Case Number: A1790/2002


In the matter between:


ELIAS MORUTI TSHOANE Appellant


and


THE STATE Respondent



JUDGMENT



SOUTHWOOD J


[1] On 19 June 2002 the appellant and his two co-accused, Lesodi Dolphy Mapulane (accused no 2) and Mosupetjane Frans Rameetse (accused no 3) were found guilty of robbery with aggravating circumstances and each sentenced to 15 years imprisonment in accordance with section 51 of Act 105 of 1997. In addition the second accused was found guilty of contravening section 2 of Act 75 of 1969 (unlawful possession of a 9 mm Norinco pistol) and contravening section 36 of Act 75 of 1969 (unlawful possession of three rounds of 9 mm ammunition). The second accused was sentenced to three years imprisonment for the contraventions of sections 2 and 36 of Act 75 of 1969, both counts being taken together for purposes of sentence. The appellant and accused no 3 appealed against their convictions and sentences. On 23 June 2003 accused no 3’s appeal was dismissed. On 13 November 2006 the full bench (Legodi and Molopa JJ) referred the appellant’s appeal to the full court.


[2] On appeal, the appellant’s counsel contends that the appellant was wrongly convicted because there was no evidence that indicates that he robbed the complainant, that the complainant could not identify the attackers because it was dark and that the appellant gave an explanation for the paraffin stove found at his house: i.e. he purchased it from his co-accused for R30. The appellant’s counsel submits that the regional magistrate should have convicted the appellant of receiving stolen property knowing it to be stolen and that this court should now do so and impose an appropriate sentence.


[3] The robbery and the use of the firearm were not in dispute. The complainant, David Sebotuma, testified that in the early hours of 23 March 2002 he arrived home from Johannesburg. He got off the bus and started walking home. He was wearing a jacket and had money in his pockets and was carrying three bags.

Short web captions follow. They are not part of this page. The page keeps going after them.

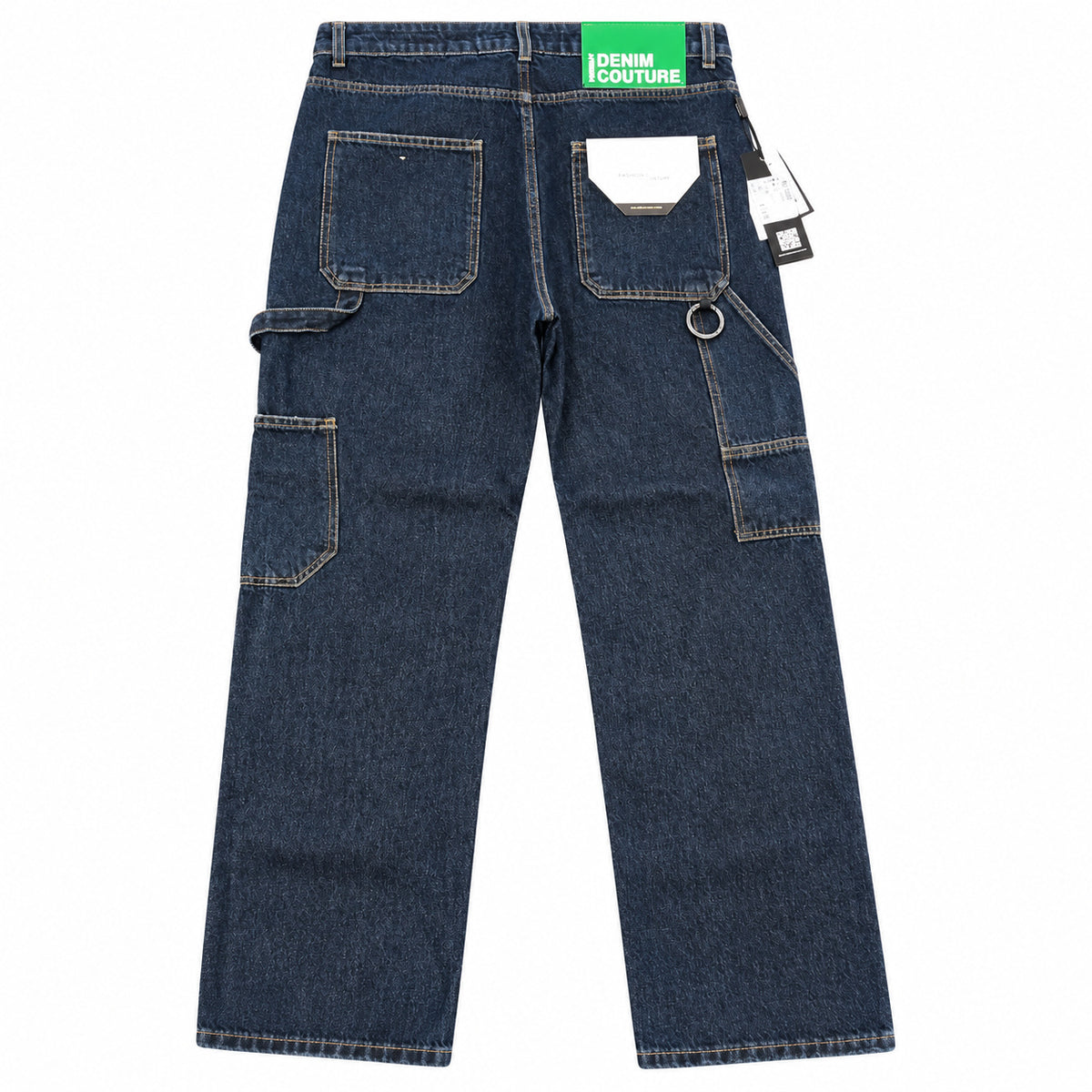 JEANS LARGO CON TASCHE
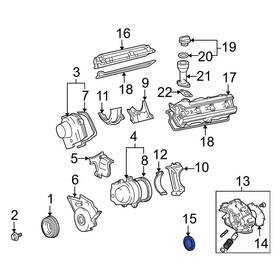 90311a0002 Lexus Oe For Lx570 2010 Rear Engine Crankshaft Seal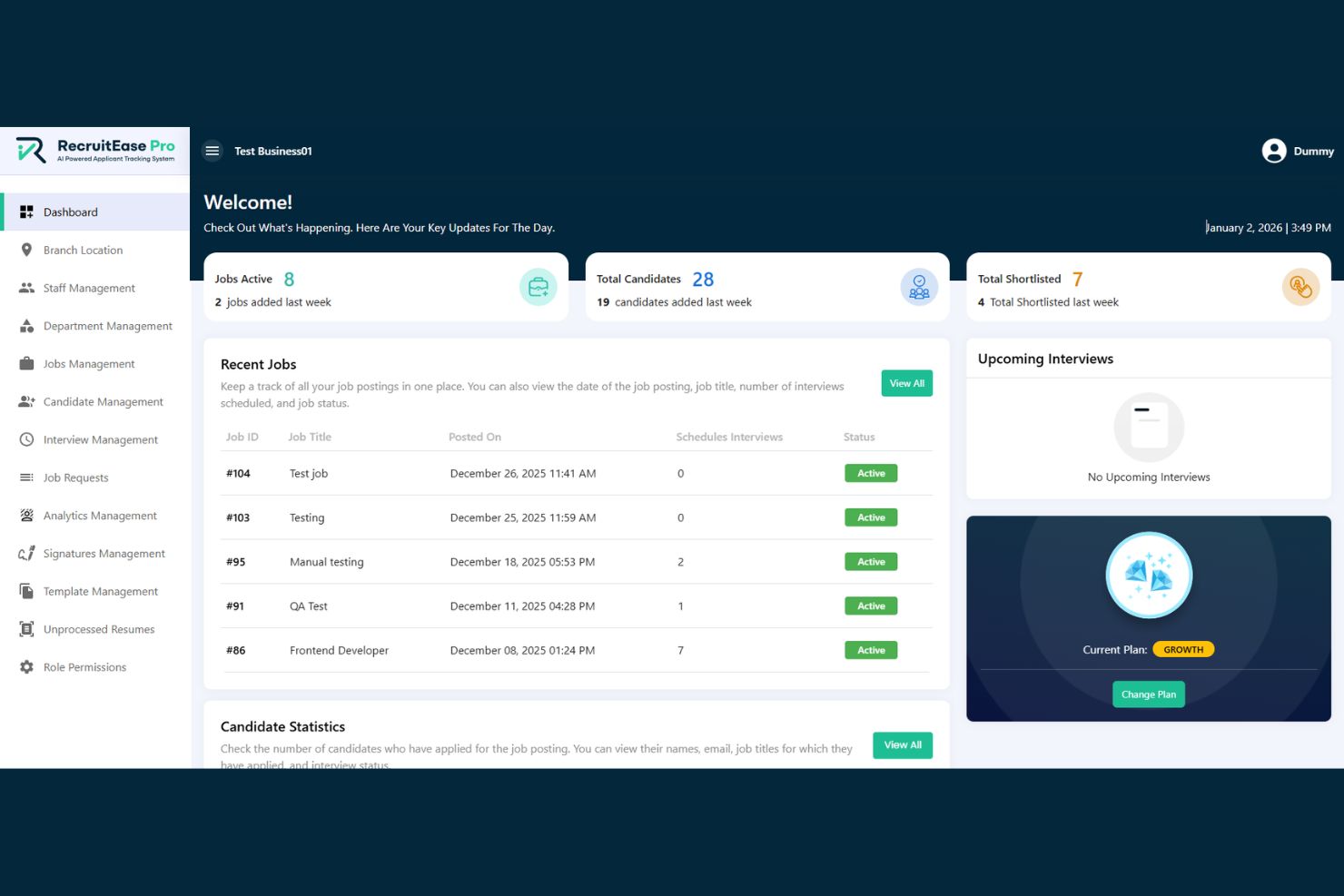 RecruiteEase Pro Screenshots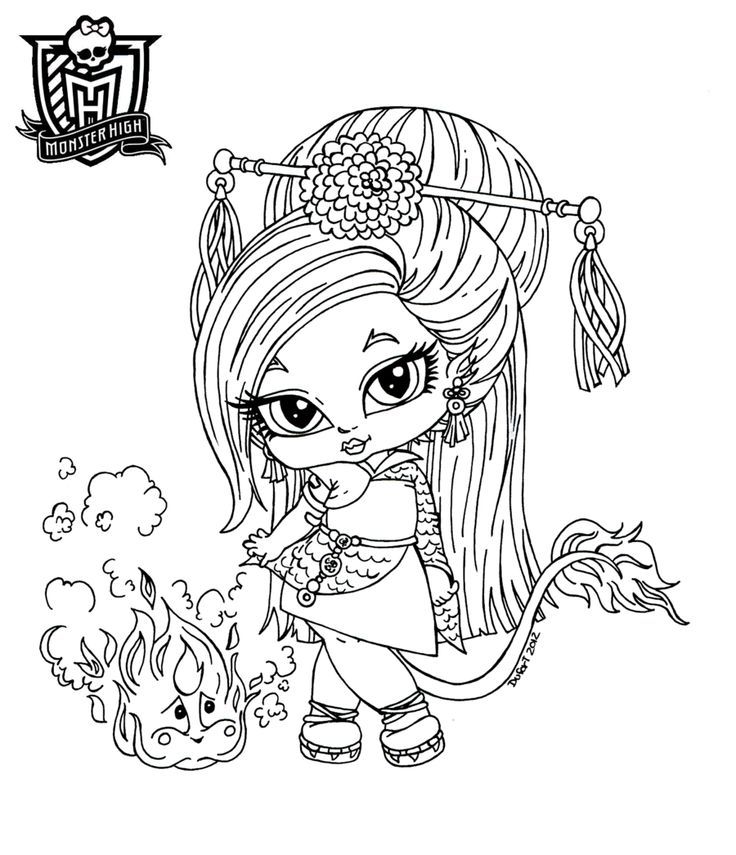 monster-high-coloring-pages-baby-skelita-136 | Free coloring pages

One of the bags contained washing powder, one of the bags contained clothes and shoes for his children and the third bag contained a new paraffin stove and plates. The complainant was also carrying the Sowetan newspaper which he had bought in Johannesburg and meat which was wrapped in plastic as well as some bars of soap. He had bought these at the Score supermarket. The soap still had the Score labels on it. The complainant was walking in the darkness when he became aware of people following him. When he looked around a shot was fired. The complainant started to run and a second shot was fired. The complainant tripped and fell and a third shot was fired. Four men surrounded him and demanded money. They searched him and took R220 from his shirt pocket and R10 from his trouser pocket. They also took his identity document, his jacket and the three bags and made off. It was too dark to see their faces or recognise them. There was nothing the complainant could do and he went home to sleep.


[4] The evidence linking the appellant to the robbery is also not in dispute. According to the complainant he woke at 5 am and he and his wife went back to the scene of the robbery. They found the complainant’s jacket and the bag containing the washing powder. They also found tracks made by soccer boots. They followed the tracks to the house of the appellant where they found him cleaning the yard. They asked him whether there was anyone at the house who wore soccer boots. The appellant said no. They wanted to search the appellant’s house but he would not allow this without the police. The complainant telephoned the police and when they arrived the appellant had left the house and gone to his grandmother’s house. The complainant and the police followed him there. The police confronted the appellant about the soccer boots and he took them to another house where the police were handed boots. The police compared the soccer boots with the tracks but they did not match. The police then insisted on searching the appellant’s house where he lived alone. In one bedroom they found a soccer boot under a mattress and in another bedroom the other boot also under a mattress. The soles of these soccer boots matched the tracks leading to the house. The police then wanted to search a cupboard but it was locked and the appellant could not or would not provide the key. A key was found and the cupboard opened. Inside the cupboard the police found a brand new paraffin stove and soap which the complainant identified as his property. The complainant identified the stove because of its colour and because it was new. He identified the soap by the label of the Score supermarket where he had purchased it.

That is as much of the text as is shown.